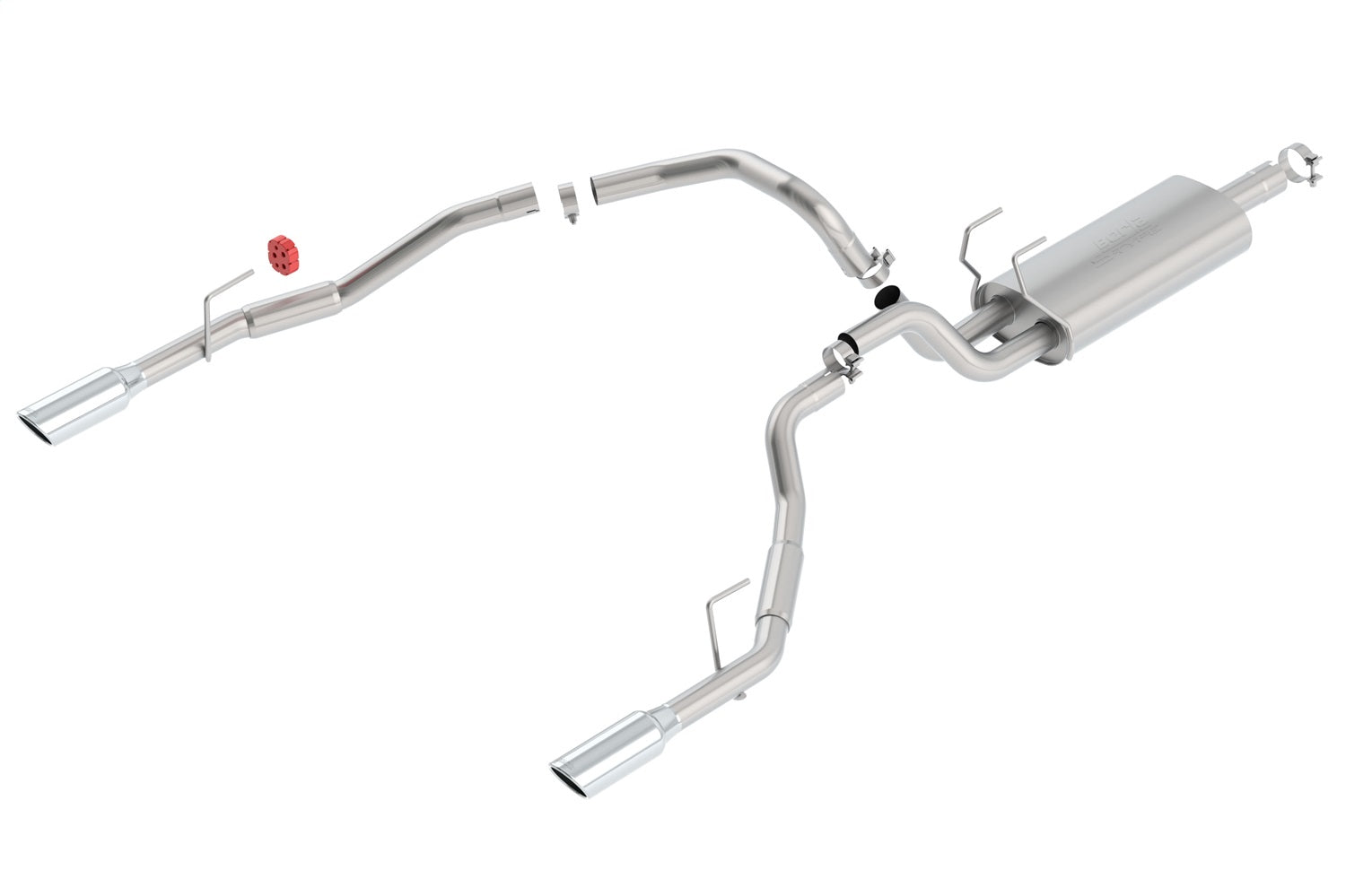 Borla 140308 S-Type Cat-Back Exhaust System Fits 1500 1500 Classic Ram 1500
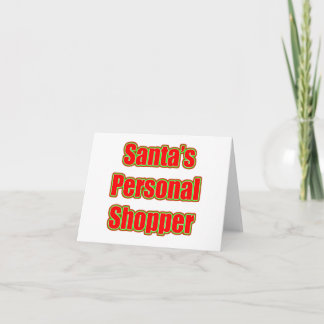 Santa's Personal Shopper Holiday Card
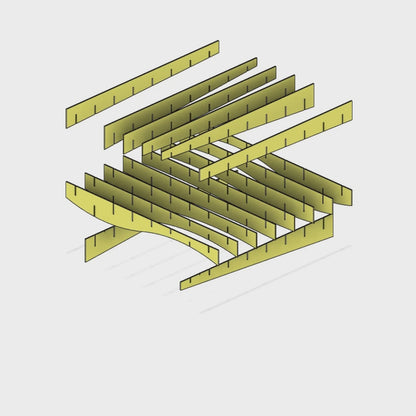 Acoustic Swell Grid 12" High x 8'x8'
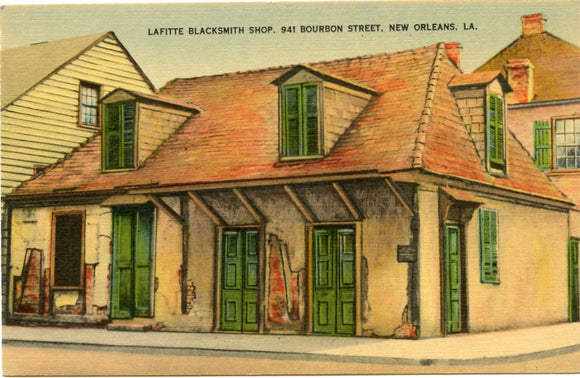 LaFitte Blacksmith Shop, 941 Bourbon Street, New Orleans, LA-Carey's Emporium
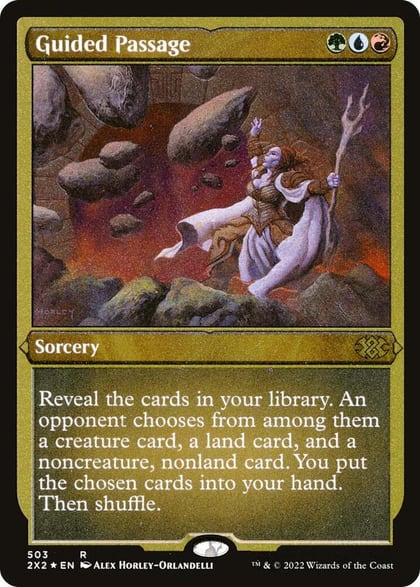 Guided Passage (Foil Etched), Double Masters 2022 503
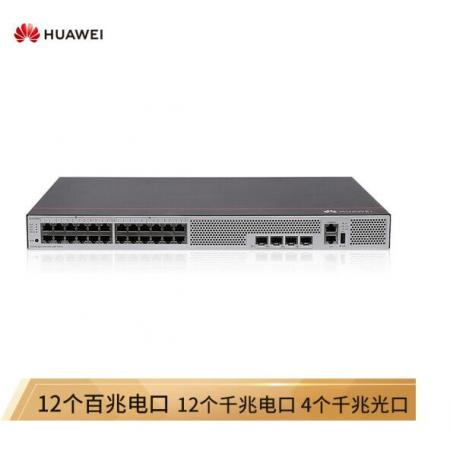 华为（HUAWEI）企业级12口百兆以太网+12口千兆以太网+4口千兆光 交换机-S5735S-L24FT4S-A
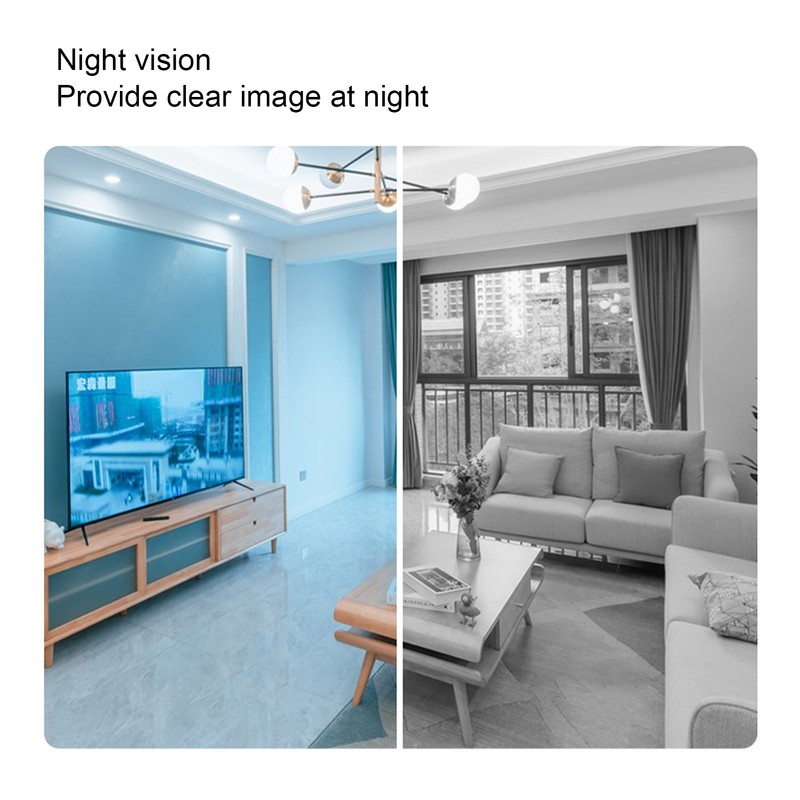 Plug in Smart Security Camera with Clock 1080p Image Night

━━━━━━

When you reach the line that contains "Guided Passage (Foil", start copying the listing word for word and stop only after its last line, without any pictures.

WRITTEN RESPONSE:
 Guided Passage (Foil Etched), Double Masters 2022 503
 华为（HUAWEI）企业级12口百兆以太网+12口千兆以太网+4口千兆光 交换机-S5735S-L24FT4S-A
 Plug in Smart Security Camera with Clock 1080p Image Night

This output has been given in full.